Avec la démesurée ouverture médiatique des dernières années, nombre de joueurs de ces deux générations se sont recyclés en analystes. Leur boulot consiste à décortiquer des schémas tactiques et à éplucher le jeu des acteurs majeurs du ballon rond. De tous ceux-là, il y’en a ceux qui auraient dû faire les analystes, des personnes très intelligentes, au verbe facile et à la technicité avérée. Mustapha Dahleb, Ali Fergani, Noureddine Kourichi et Djamel Belmadi entre autres qui ne se sont jamais spécialement mouillés ou qui l’ont fait quelques fois sans tambour ni trompette auraient pu ajouter un grain de sable blanc au sirocco poussiéreux et ambiant. Il y’en a ceux qui le font et qui le font bien. Rafik  Saifi et Ali Benarbia par exemple qui nous gratifient à chacune de leurs apparitions d’analyses rationnelles.

Et il y’a ceux qui ont été intronisés opposition officielle de la tribu. Rabah Madjer, Ali Bencheikh et autres qui passent leur temps…et beaucoup de temps à débiter des inepties, à parler pour ne rien dire, à critiquer sans arguments et sans aucune maîtrise technique et à faire dans le populisme de bas de gamme. Ils sont devenus l’arme absolue du chef de tribu. Les monarchies ont toujours eu besoin d’opposition à condition qu’elle soit au ras des pâquerettes et à ce niveau de jobardise le roi peut dormir sur ses deux oreilles encore pour longtemps.

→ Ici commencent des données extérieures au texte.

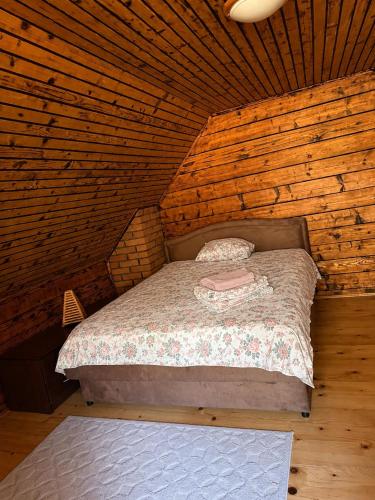 a bedroom with a bed in a wooden cabin at Vikendica Lenka in Sijarinska Banja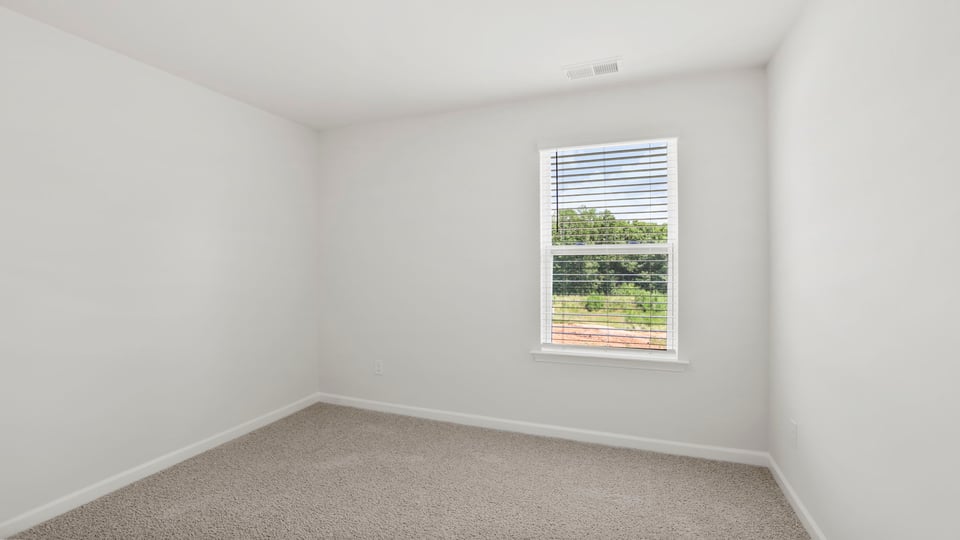 Bedroom with carpet and window.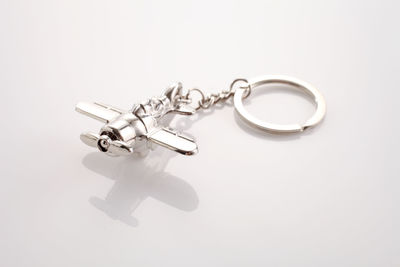 High angle view of airplane key chair on white background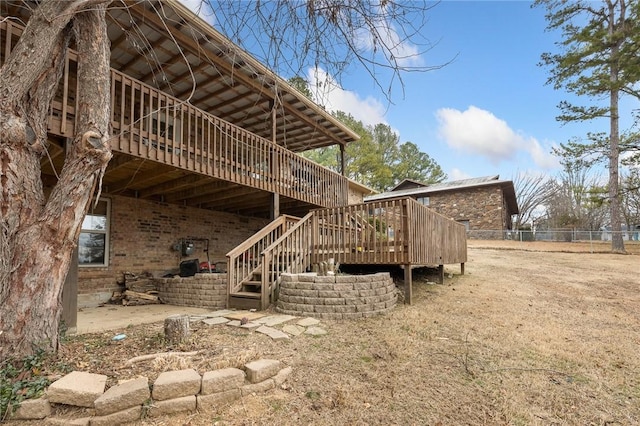 view of property exterior with a deck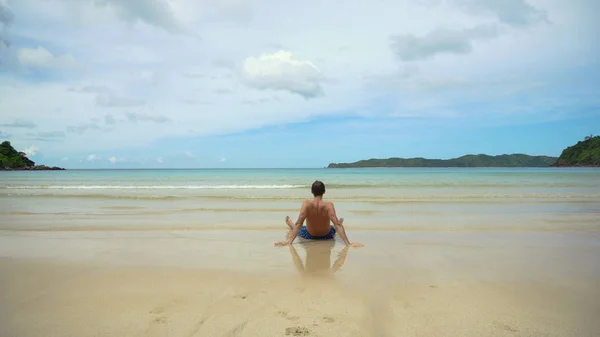 Hombre sentado en la playa. — Foto de Stock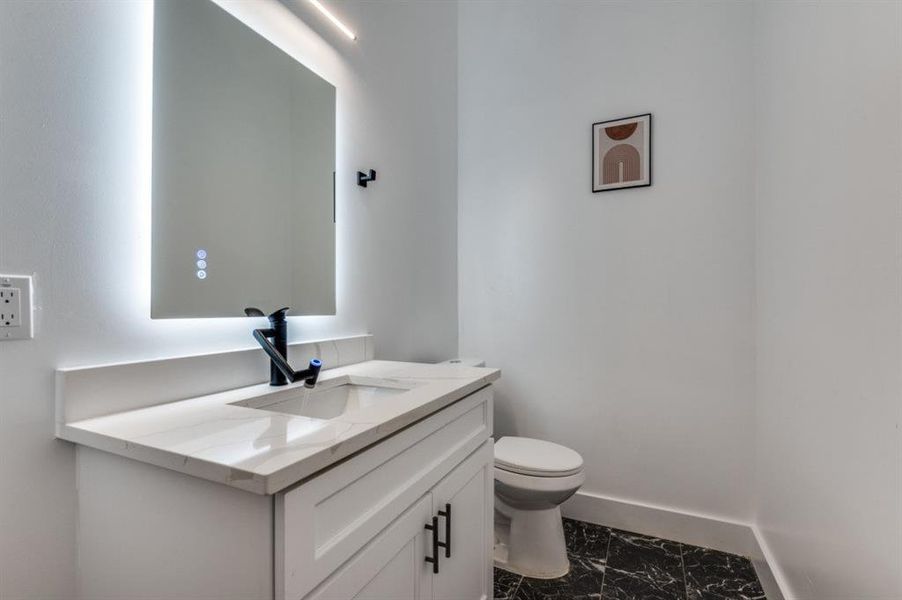 Well-appointed half bath featuring upscale tile work and illuminated anti-fog mirrors for added convenience and style. Well-appointed half bath featuring upscale tile work and illuminated anti-fog mirrors for added convenience and style.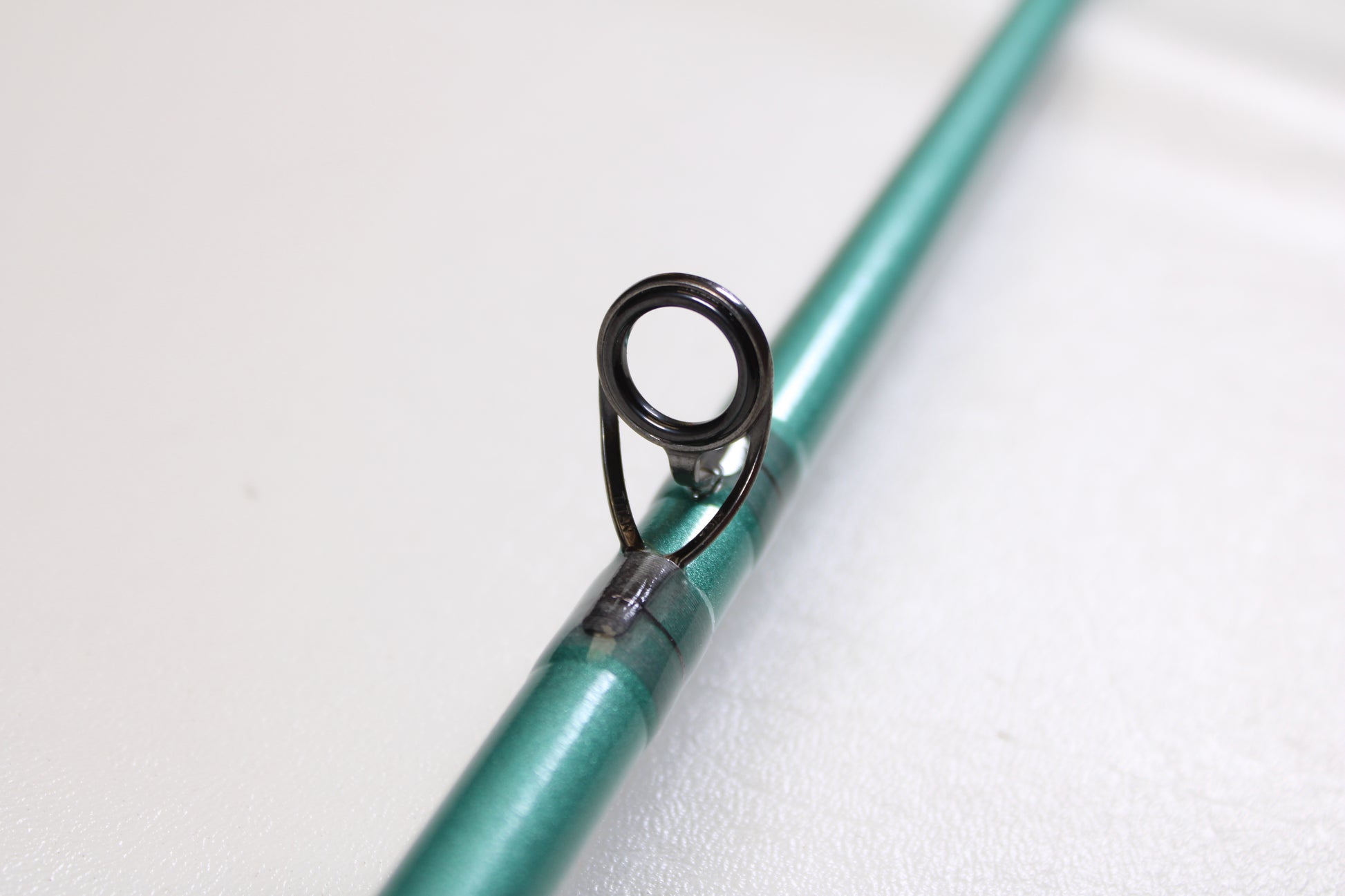 Close-up of the St. Croix Avid Inshore VIC80MHF 8'0" Medium Heavy Used Casting Rod in mint condition—ideal for anyone interested in our rod and reel trade-in program for store credit.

Le  « Cheikh» a été couronné roi de la FAF très tôt, les arcanes du pouvoir sont telles qu’on peut faire des études en droit, devenir PDG de l’ANEP et gérer le football par après. De ses premières années, il ne garda pas un très bon souvenir. Quelques défaites fatidiques, des budgets limités et un pays qui ne reposait pas encore sur des réserves de change aux inaccessibles seuils, le firent quitter le royaume durant quelques temps en gardant un œil sur la demeure. Mais qu’est-il arrivé pour que l’autocrate revienne au pouvoir et devienne le tout-puissant «El hadj»?  Entre-temps un vieux sage intemporel capable de miracles avait rejoint la barre technique de l’équipe nationale. Il fit bâtir son équipe dans la simplicité des plus grands. Il mit en place un staff technique renforcé et complémentaire où chacun s’occupait seulement de sa mission. L’organisation mise en place dans une coordination digne de ce qui se faisait partout dans le monde, permit d’avoir rapidement quelques résultats qui semblaient être inespérés des encablures auparavant. Sentant comme tous les algériens un vent plein de fraîcheur car Il y’a parfois des choses qui sont tellement claires qu’elles s’apparentent à des lapalissades (le dernier match du premier tour des éliminatoires de la coupe du monde 2010 contre le Sénégal avait la résonnance d’une mélodie presque parfaite et ce, rappelons-le devant une tribune officielle à moitié vide) et en vieux briscard bien armé cette fois-ci par des certitudes du vieux sage, le boss éjecta en deux temps trois mouvements son successeur et…prédécesseur et s’impatronisa nouveau roi de la FAF neuf mois exactement avant la conquête d’Omdourman. Le vieux sage étant un homme qui n’aime pas les feux de la rampe, continua à travailler dans la discrétion en essayant de trouver de l’équilibre à un effectif qui ne valait ni celui des années 80, ni celui de ses dernières années, laissant le bling bling au président de la fédération qui se consacra dieu des ténèbres en ce mois de Novembre 2009 en terre de Nubie. Après une coupe du monde mi-figue mi-raisin et un anecdotique match contre la Tanzanie, une campagne médiatique bizarre et sans précédent contre l’entraîneur poussa le vieux Saadane à partir en toute discrétion laissant les commandes à l’intouchable Raouraoua.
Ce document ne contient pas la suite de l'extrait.